Black lives won’t matter in tech until we fix systemic racism in venture capital

Yaw Owusu-Boahen
Tsai CITY
Published in
13 min readMar 11, 2024

--

Early stage startups have a high risk of failure, leading venture capitalists to invest in the most convenient companies rather than the “best” ones. This leaves Black founders systemically blocked from receiving the capital they deserve. Here’s why it happens and how we can fix it.

This article is brought to you in partnership with the Yale Black Venture Summit. Learn more about the Black venture capital experience at the Yale Black Venture Summit on April 26th. Register here.

Venture capital (VC) has enormous influence on our economy

A venture backed company is one that has taken in money from a venture capital firm in order to grow the business. The future of our economy will be largely driven by venture backed companies. Although their investments are less than 0.2% of GDP, their companies account for more than a third of total US employees.

Source: Stanford GSB

Fixing systemic racism in venture capital will unlock equity downstream

Much of the discussion about diversity & inclusion in tech centers around hiring and promoting Black employees at already established companies. These are very important initiatives that need to continue so that existing companies can give more opportunity to marginalized workers.

However, if we don’t figure out how to build equity at the top of the funnel, it is extremely difficult to build equity downstream. One way to think about it is that it’s much easier to hire a diverse leadership team that will then hire diverse candidates underneath them than it is to retroactively diversify a mostly white company built by a leadership team of white males.

Structural racism in VC & tech is ubiquitous

By now, we’ve already seen a number of headlines criticizing Silicon Valley and the tech industry at large for its lack of diversity, especially in senior leadership positions. Others have targeted VCs pointing to the fact that less than 1% of funding goes to Black founders despite Black Americans making up 13% of the US population.

Source: Techcrunch

Despite this reality, tech companies and VCs have continuously pointed to the same few excuses, often discussing the issue as a pipeline problem.

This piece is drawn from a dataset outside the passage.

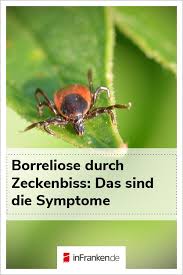 Borreliose Durch Zeckenbiss Das Sind Die Symptome Zeckenbiss Zecke Ratgeber Gesundheit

But with external pressure from a worldwide movement to pursue human rights for Black Americans, VCs have finally started to act, with some pledging to institute trainings, hire more Black employees, or create special POC founder funds. But given the deep and systemic nature of the discrimination in this sector, many of these “band aid” solutions may not cut it.

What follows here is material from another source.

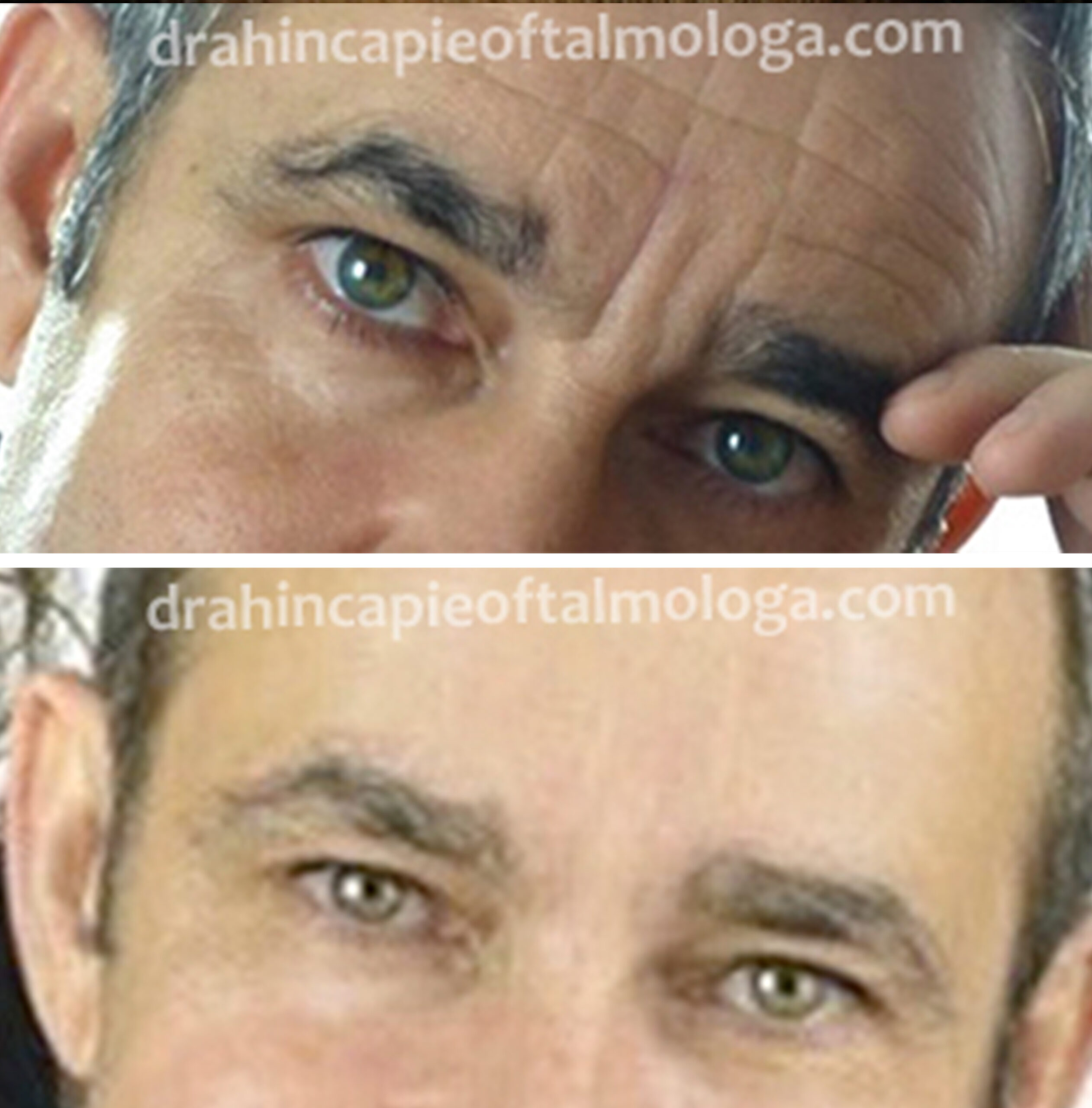 Tratamiento de arrugas de la frente con NEUROMODULADOR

Venture capital is intelligent gambling

To properly understand why these solutions will prove insufficient, it is important to understand the venture system and how money flows into and out of these firms.

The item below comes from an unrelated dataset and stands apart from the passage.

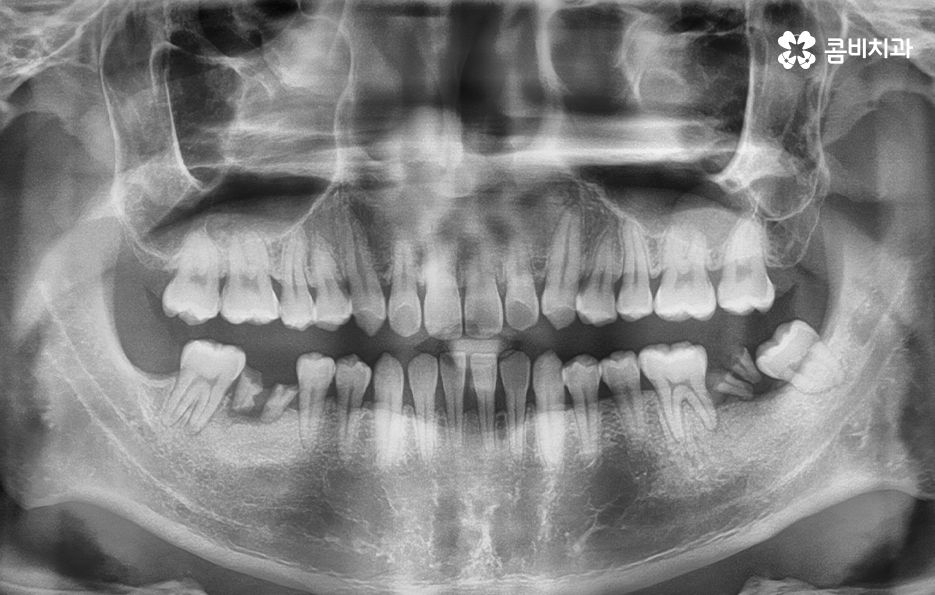 클리피씨교정 늦지않게 결정하려면 관련 이미지 6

Venture capital funds raise money from limited partners (wealthy individuals and pension funds) to create an investment fund — a giant pool of money. They then use this fund to invest in promising companies, giving the companies cash in exchange for a “piece” of the company’s value at the time. They typically invest in anywhere from 10 to 100 companies per fund to create a portfolio.

The bet they are making is that each company will use that cash to grow revenue & profits, increasing their value over the course of 5 to 10 years. By the end of that 10 year period, the company will sell to another investor at a higher price or go public on the stock exchange. Once the company sells or goes public, the venture capital company cashes out, gives some of the profits to their partners, and keeps the rest. If you’re a good venture capital fund and bet on the right companies, you can stand to make unbelievable returns.

Source: Meld

Venture capital firms make money from 2 channels

Channel 1: Profits from selling companies at a higher value than they were at the initial time of investment

  • Ex: Today if I buy 10% of a 1 million dollar company for $100K and then, 5 years later, sell my 10% stake when the company is worth 100 million, I get back $10 million, which is $9.9M in profit that I share with my partners.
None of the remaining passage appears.